District Court of Appeal of Florida, Third District
Apr 4, 1967
197 So. 2d 50 (Fla. Dist. Ct. App. 1967)

Opinion

No. 66-551.

April 4, 1967.

Appeal from the Circuit Court for Dade County, Grady L. Crawford, J.

Maurice Rosen, No. Miami Beach, Tobias Simon, Miami, for appellant.

Richard E. Gerstein, State's Atty., Jack R. Rice, Jr., City Atty., and S.R. Sterbenz, Asst. City Atty., for appellees.

Before PEARSON, CARROLL and BARKDULL, JJ.


This appeal is from a final decree in a declaratory action. The trial court held an ordinance of the City of Miami constitutional as against the attacks of the appellant. Appellant's complaint alleged that he is a homosexual, and that by the ordinance he is denied the right to "visit and enjoy by himself or with his friends who are similarly situated the public places of amusement within the City of Miami." The ordinance prohibits liquor licensees from knowingly employing a homosexual person, or knowingly sell to, serve, or allow a homosexual person to consume alcoholic beverages, or to knowingly allow two or more homosexual persons to congregate or remain in his place of business. Appellant did not attack a particular section or provision of the ordinance but confines himself to a prayer: "* * * that this court take jurisdiction of this matter and find section 4-13 of the Code of the City of Miami to be unconstitutional and that it issue its order enjoining the respondents from enforcing the provisions of said ordinance."

The final decree appealed holds that this section of the code of the City of Miami "has a rational relation to public health, morals, safety and general welfare." We agree.

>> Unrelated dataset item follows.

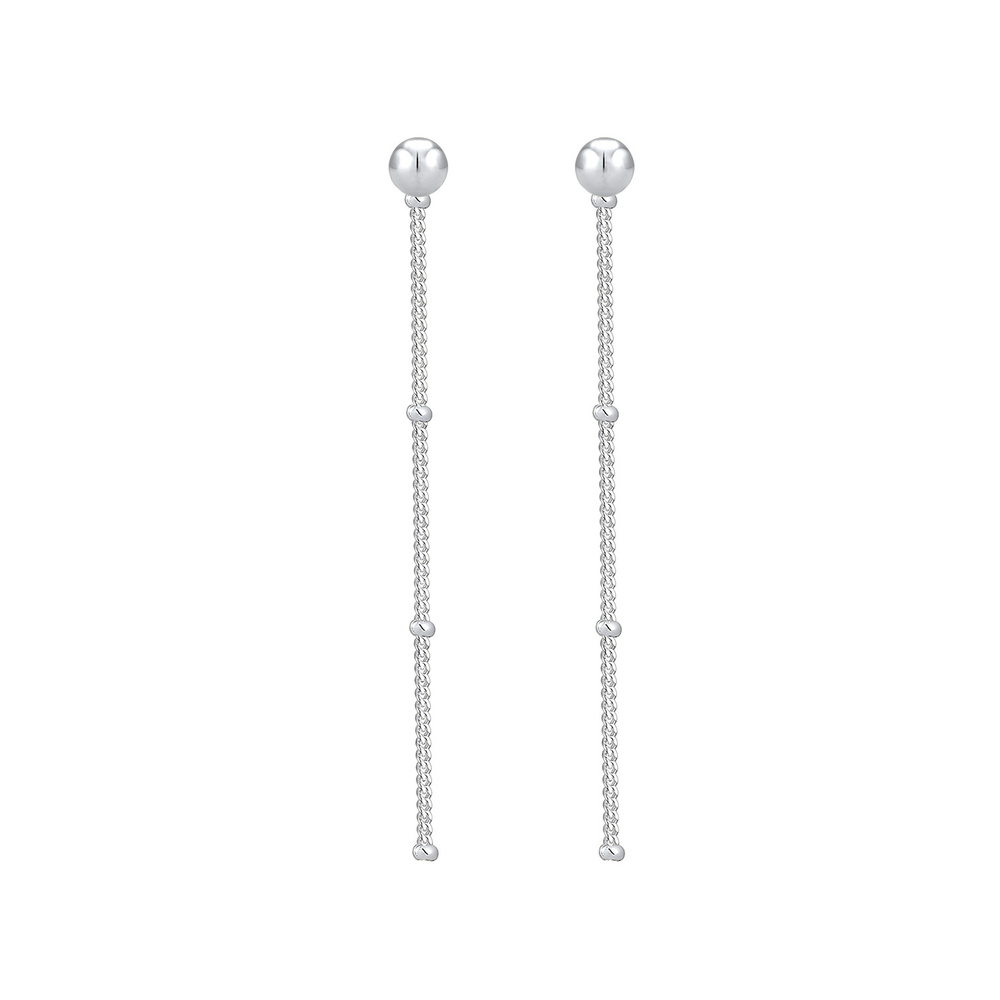 Elli Elli Boucles d'Oreilles Chaîne Minimale Basic Boucles d'Oreilles Femme - (925/100 Boucles d'oreilles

It may be that the ordinance is inartfully drawn and that enforcement of one or more provisions may prove difficult or even impossible. Nevertheless, the question here presented is whether it is void as a whole. When a court construes the validity of an ordinance, it must construe it to be legal if it is possible to do so. It must also strive to construe it as to give reasonable effect to its provisions. City of Miami v. Kayfetz, Fla. 1957, 92 So.2d 798. If reasonable argument exists on the question of whether an ordinance is arbitrary or unreasonable, the legislative will must prevail. State ex rel. Skillman v. City of Miami, 101 Fla. 585, 134 So. 541. (1931).

The business of the distribution of liquor is one which is particularly burdened with a public concern and which may be limited and regulated by the State as a privilege. It follows that the legislative authority may limit its distribution to conditions under which liquor will be distributed with the least possible harm to the public. City of Miami v. Kayfetz, Fla. 1957, 92 So.2d 798; City of Miami v. Jiminez, Fla.App. 1961, 130 So.2d 109. The object of the ordinance as a whole is to prevent the congregation at liquor establishments of persons likely to prey upon the public by attempting to recruit other persons for acts which have been declared illegal by the Legislature of the State of Florida. See Sections 800.01, 800.02 Fla. Stat., F.S.A.

It therefore follows that appellant's generalized attack upon the ordinance as a whole was properly denied.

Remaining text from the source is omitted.